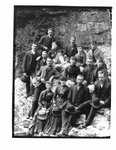 Group portrait of unidentified men and women seated on rocks.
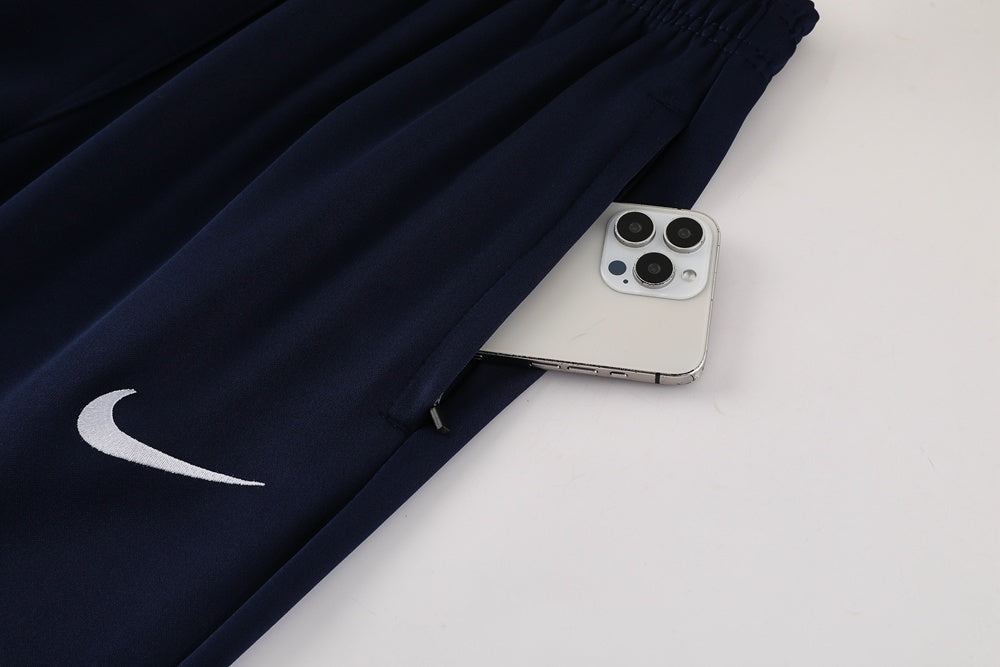 Tuta Sport blu e bordeaux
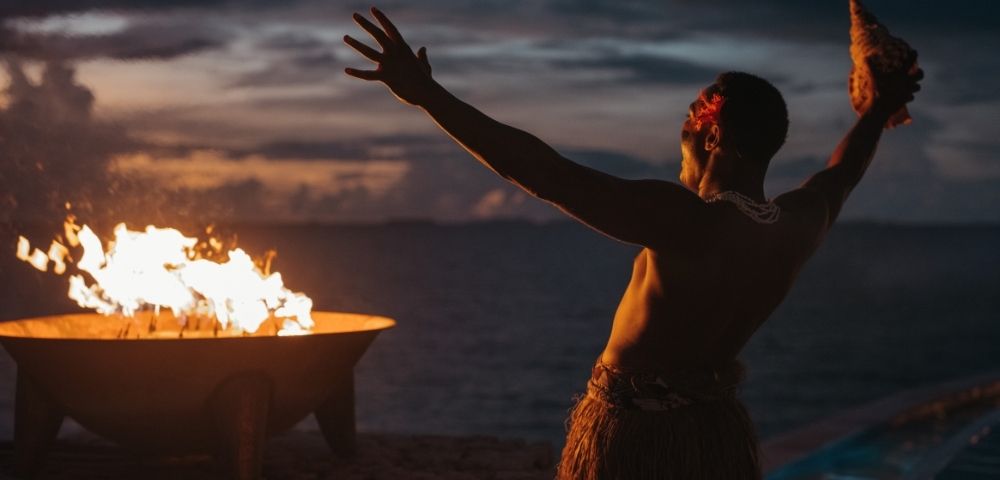 A person performing a traditional dance by a fire at dusk, with the ocean in the background.
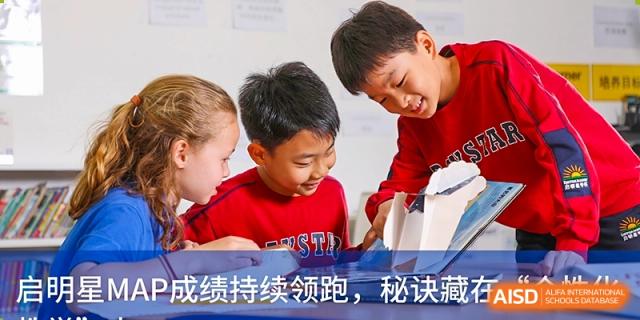 Two young DAYSTAR ACADEMY students looking intently at a tablet or screen together.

WORK ORDER
Copy the listing exactly. Leave the pictures out.

ANSWER TO THE EXERCISE
 Group portrait of unidentified men and women seated on rocks.
 Tuta Sport blu e bordeaux
 A person performing a traditional dance by a fire at dusk, with the ocean in the background.
 Two young DAYSTAR ACADEMY students looking intently at a tablet or screen together.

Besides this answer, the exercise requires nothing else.